Paul Eno is dead serious about investigating the paranormal

WOONSOCKET, R.I. -- Paul Eno looks more like a professor than a ghost buster: beard , spectacles, navy blazer, blue shirt, overstuffed bookshelves in his office. His philosophy of life is to "love God, love my children and love my wife."

But over 35 years as a paranormal investigator, Eno, 53, says he has chased away hundreds of pesky poltergeists and grumpy ghosts. He claims to have witnessed levitations and apparitions, and says he was once injured when a self-hurling television set nicked him in the leg.

Here's how he described the scene at that house in Bridgeport, Conn.: "A mirror in Marcy's room fell and the kitchen table turned over twice. . . . The drapes in the living room kept falling to the floor and the portable television there turned around every few minutes. At one point, Marcy was sitting in the kitchen and her chair began to rise" off the floor.

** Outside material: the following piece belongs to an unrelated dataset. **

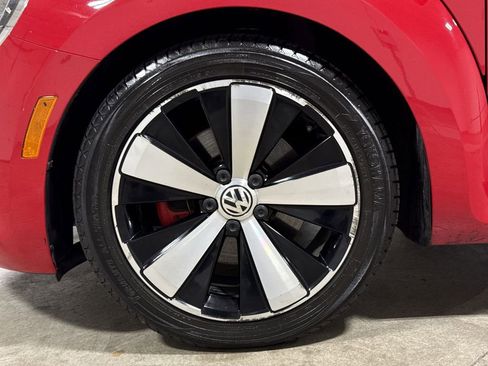 Used 2013 Volkswagen Beetle Turbo 60's Edition FWD image 25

Another time, Eno got a call from a Connecticut woman who he later determined was simultaneously a ghost haunting a house in York, Maine. Many times, he has brushed up against the "psychic cold" of an otherworldly presence. He has photographed faces and figures that he believes have no earthly explanation.

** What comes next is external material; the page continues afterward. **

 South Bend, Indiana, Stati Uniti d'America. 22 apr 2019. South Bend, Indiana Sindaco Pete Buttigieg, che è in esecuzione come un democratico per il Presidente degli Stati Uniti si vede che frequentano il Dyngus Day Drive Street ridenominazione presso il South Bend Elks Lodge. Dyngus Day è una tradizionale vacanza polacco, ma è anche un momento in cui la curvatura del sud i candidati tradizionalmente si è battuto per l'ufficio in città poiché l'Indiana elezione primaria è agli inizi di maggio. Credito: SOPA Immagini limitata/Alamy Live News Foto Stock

Many of these stories, and photos, appear in the five books he has written on the subject, including his new memoir: "Turning Home: God, Ghosts and Human Destiny." He writes: "I was to be injured by poltergeists, insulted and taunted by nonhuman voices, stalked by 'spirit orbs' and touched by presences that I can only describe as angelic or even divine."

Eno's offbeat calling had its roots in 1971, when he was studying at St. Thomas Seminary in Bloomfield, Conn. He and five other teenagers began to investigate an alleged haunting at the infamous "Village of Voices" in Bara Hack, an abandoned hamlet in northeast Connecticut. During four visits over two years, he says, they witnessed apparitions, teleportation -- objects moving by themselves -- and photographic and auditory "anomalies."

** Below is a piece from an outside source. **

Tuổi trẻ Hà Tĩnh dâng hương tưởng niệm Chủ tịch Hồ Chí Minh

Eno earned a philosophy degree from Wadhams Hall Seminary College in Ogdensburg, N.Y., and studied philosophy and psychology at Trinity College in Hartford, where he became fascinated with quantum physics.

In his latest book published by his own company, New River Press, he writes that the paranormal is in fact normal: ghosts, poltergeists and other spirits, extrasensory perception, UFOs and "close encounters," "unknown or unexplained animals," clairvoyance, displacements or slips in time and space and "appearing or disappearing people, places or things for which there's no explanation."

In other words, what you might encounter in a Stephen King novel or a Steven Spielberg film.

Instead of the universe, Eno believes in the "multiverse": parallel worlds existing simultaneously (hence the Connecticut woman who was also, he says, a ghost). In his multiverse, people who are dead in our world are alive in other worlds, and there are worlds in which we ourselves are currently dead. Those worlds, he believes, overlap like bubbles in a diagram, and in that overlap, the inhabitants of each world can interact if the circumstances are right.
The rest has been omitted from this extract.